The congregation, which has a staff of 40, including only three native English speakers, will need help reading, assessing and responding to the reports, he said.
One possibility, Archbishop Tobin said, is to ask religious congregations based in Rome to allow U.S. members of their general councils to serve as consultants to the congregation and help go through all the reports.
The fact that Cardinal Rode had decided the visitors' reports would not be shared with the individual communities was only "part of the real harm done at the beginning," Archbishop Tobin said. The situation was exacerbated by "rumors and, I would say, some rather unscrupulous canonical advisers exploited that" by sowing fear that the Vatican would replace the leadership of some communities or dissolve them altogether.
"It's like Fox News, they keep people coming back because they keep them afraid," Archbishop Tobin said.
"But certainly, on our side of the river or our side of the pond, we had created an atmosphere where that was possible," and where the idea that some communities would be closed down "didn't seem to be so outlandish."
"It's like preaching; it's not what you say, it's what they hear ... and what a lot of these women heard was someone telling them their life was not loyal and faith-filled," he said.
In the end, though, many congregations found the process was not as bad as they feared, he said, and "an important outcome that is already happening is that there is a growing number of women religious in the States who say, 'We need reconciliation, but it has to happen among ourselves.

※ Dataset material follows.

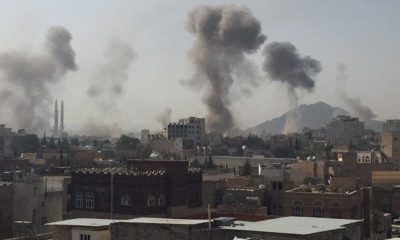 ambassade Iran a Sanaa ravage par un feu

It can't be imposed by the Vatican.'"
Archbishop Tobin said reconciliation is needed within and among communities, including between those represented by the Leadership Conference of Women Religious and the Council of Major Superiors of Women Religious, which stereotypically are seen, respectively, as very progressive and very conservative.
"The visitors themselves were from the two different groups, and they found out from talking to each other that the caricatures weren't accurate," he said.